**Problem details**
Without including any pictures, reproduce all the lines below word for word.

**Source data**
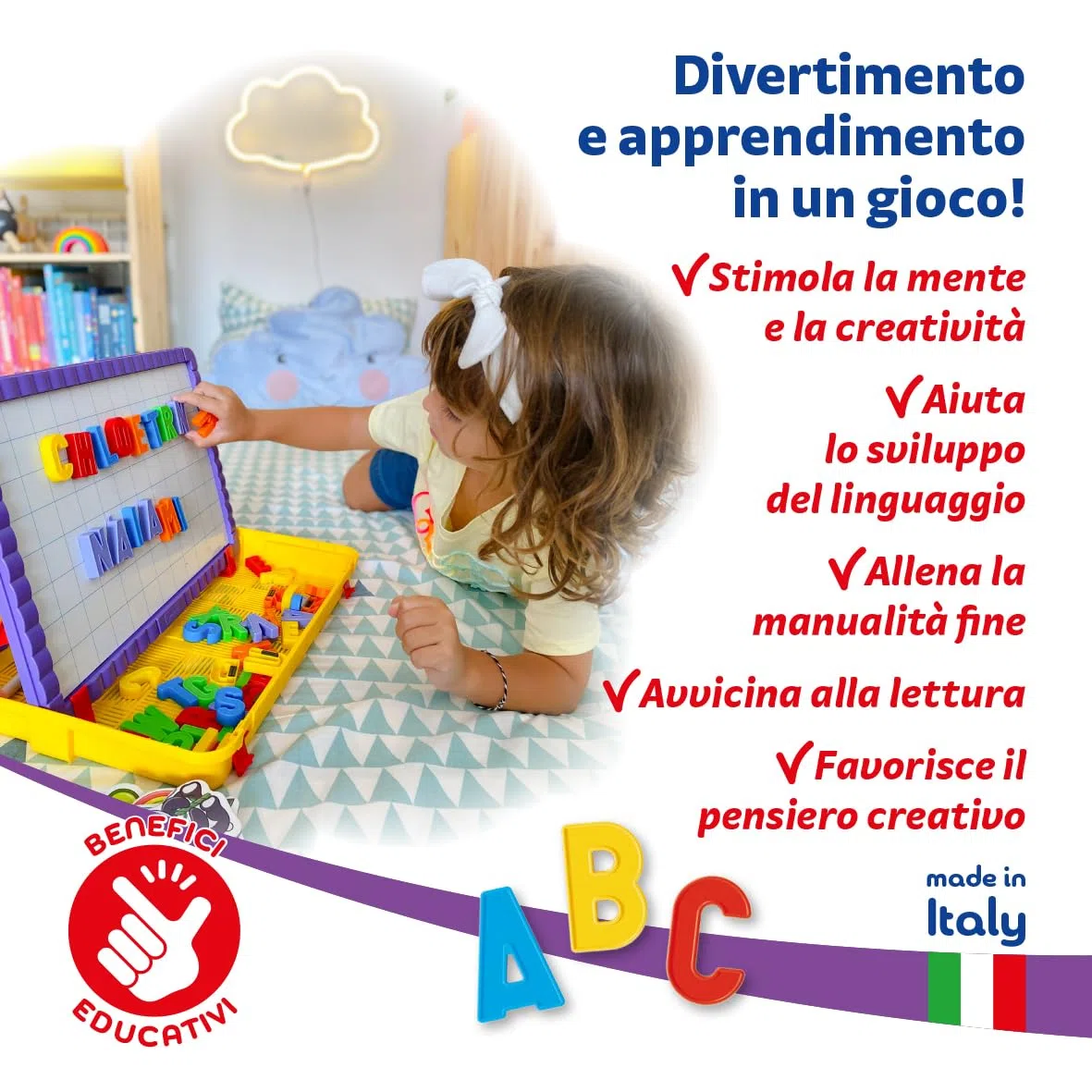 Quercetti Magnetino Letters Lavagna per Bambini 4-8 Anni con Lettere Magnetiche per Bambini, Lavagna Cancellabile con Piedini, Giochi Educativi, Made in Italy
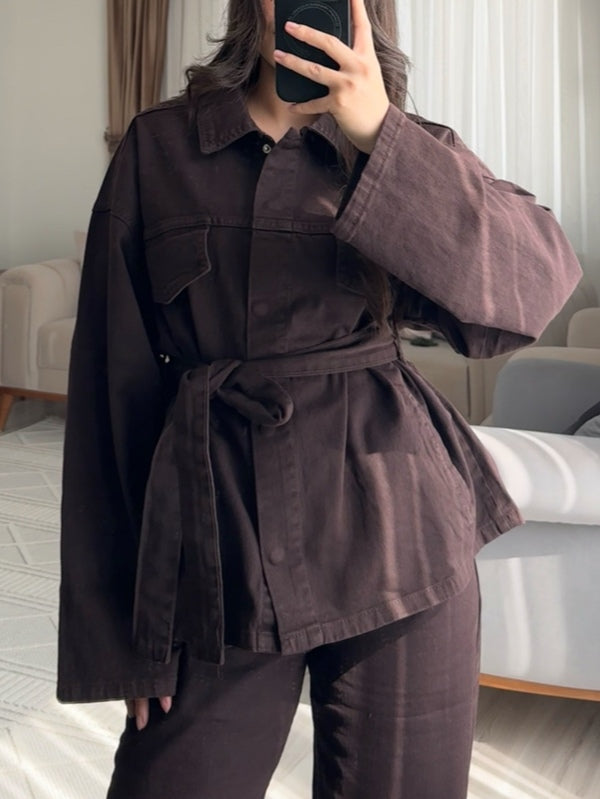 Brown Lace-up Casual Two-piece Suit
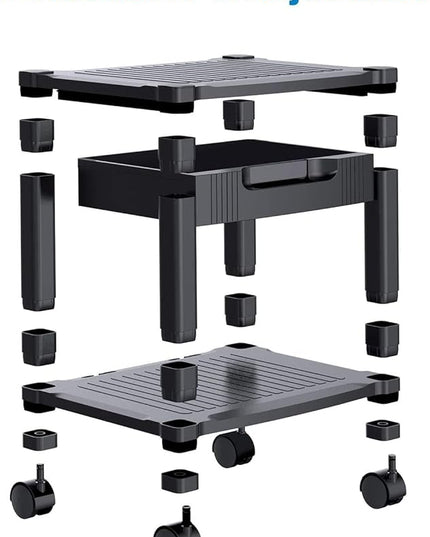 HUANUO Printer Stand with Cable Management and Storage Drawer, Printer Table with Locking Wheels, 14.1-inch Maximum Height Printer Cart for Under Desk, Home, Office, HNDPS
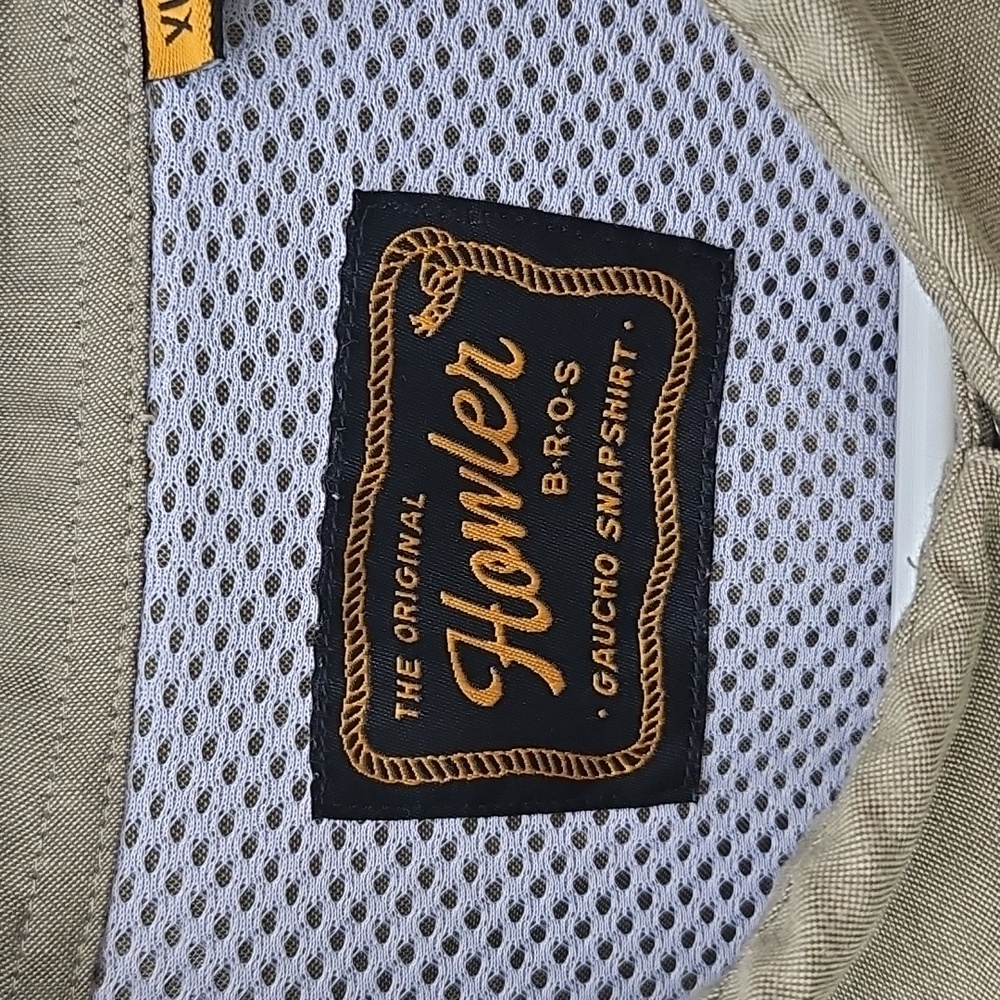 Howler Bros. Gaucho vented quick dry Khaki pearl snapshirt Embroidered Eagles XL - Picture 4 of 11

**Written answer**
 Quercetti Magnetino Letters Lavagna per Bambini 4-8 Anni con Lettere Magnetiche per Bambini, Lavagna Cancellabile con Piedini, Giochi Educativi, Made in Italy
 Brown Lace-up Casual Two-piece Suit
 HUANUO Printer Stand with Cable Management and Storage Drawer, Printer Table with Locking Wheels, 14.1-inch Maximum Height Printer Cart for Under Desk, Home, Office, HNDPS
 Howler Bros. Gaucho vented quick dry Khaki pearl snapshirt Embroidered Eagles XL - Picture 4 of 11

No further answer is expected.